Study: Vulnerable DNS software widely used

Many large companies use vulnerable versions of software that maps text-based Internet domain names to numeric IP (Internet Protocol) addresses, putting them at risk of becoming unreachable on the Internet.

About 14 percent, or 139, of Fortune 1000 companies run a version of BIND (Berkeley Internet Name Domain) DNS (Domain Name System) software with known vulnerabilities, according to a test conducted late last week, at the request of the IDG News Service, by DNS software and consultancy firm Men & Mice Inc. of Reykjavik, Iceland.

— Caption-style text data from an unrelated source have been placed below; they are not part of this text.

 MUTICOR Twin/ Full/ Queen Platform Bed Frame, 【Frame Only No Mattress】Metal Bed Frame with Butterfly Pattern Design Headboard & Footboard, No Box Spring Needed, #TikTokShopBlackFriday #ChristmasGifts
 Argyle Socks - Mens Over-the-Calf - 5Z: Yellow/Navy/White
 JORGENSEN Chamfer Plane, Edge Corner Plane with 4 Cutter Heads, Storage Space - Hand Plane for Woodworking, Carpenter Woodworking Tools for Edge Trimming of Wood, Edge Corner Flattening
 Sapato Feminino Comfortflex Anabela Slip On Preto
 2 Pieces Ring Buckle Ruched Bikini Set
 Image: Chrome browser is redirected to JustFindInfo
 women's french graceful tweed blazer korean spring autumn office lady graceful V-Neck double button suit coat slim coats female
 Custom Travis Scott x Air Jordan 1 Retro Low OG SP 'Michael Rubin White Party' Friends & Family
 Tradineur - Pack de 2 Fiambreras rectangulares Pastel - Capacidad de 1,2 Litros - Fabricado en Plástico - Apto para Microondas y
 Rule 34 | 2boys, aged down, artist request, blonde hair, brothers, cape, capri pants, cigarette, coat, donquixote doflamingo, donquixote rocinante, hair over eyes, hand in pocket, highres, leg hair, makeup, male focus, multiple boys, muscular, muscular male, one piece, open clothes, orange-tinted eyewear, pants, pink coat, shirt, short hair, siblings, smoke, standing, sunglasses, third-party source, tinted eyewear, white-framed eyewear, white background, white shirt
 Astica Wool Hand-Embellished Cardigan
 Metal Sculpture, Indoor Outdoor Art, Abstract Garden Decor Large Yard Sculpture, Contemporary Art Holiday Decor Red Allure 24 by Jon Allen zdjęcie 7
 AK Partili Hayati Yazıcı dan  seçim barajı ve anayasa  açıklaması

About half of the vulnerable companies run BIND 9 prior to version 9.2.1, recently found to be vulnerable to a denial of service attack. The U.S. Computer Emergency Response Team (CERT) warned of the flaw last Tuesday and urged users to either patch the flaw or upgrade to BIND 9.2.1, which was released on May 1. BIND is distributed for free by the Internet Software Consortium.

If all of a company’s DNS servers go down, the company would effectively disappear from the Internet. The company’s Web site becomes unreachable and inbound e-mail sent to the affected domain will bounce back.

Experts advise users to diversify and to make sure that DNS servers are located in different network segments.

“Having some of the name servers running a vulnerable version of BIND constitutes a security threat, having all the name servers run vulnerable BIND is a severe security threat that could turn into a million dollar disaster,” said Men & Mice Chief Executive Officer Petur Petursson, adding that 35 of the Fortune 1000 use multiple vulnerable BIND versions.

The vast majority of DNS servers run BIND, and this lack of diversity makes DNS a weak link in the Internet’s infrastructure, according to Men & Mice. The Internet Corporation for Assigned Names and Numbers (ICANN), the organization that oversees the Internet’s addressing system, has formed a security committee aimed, in part, at examining DNS security holes.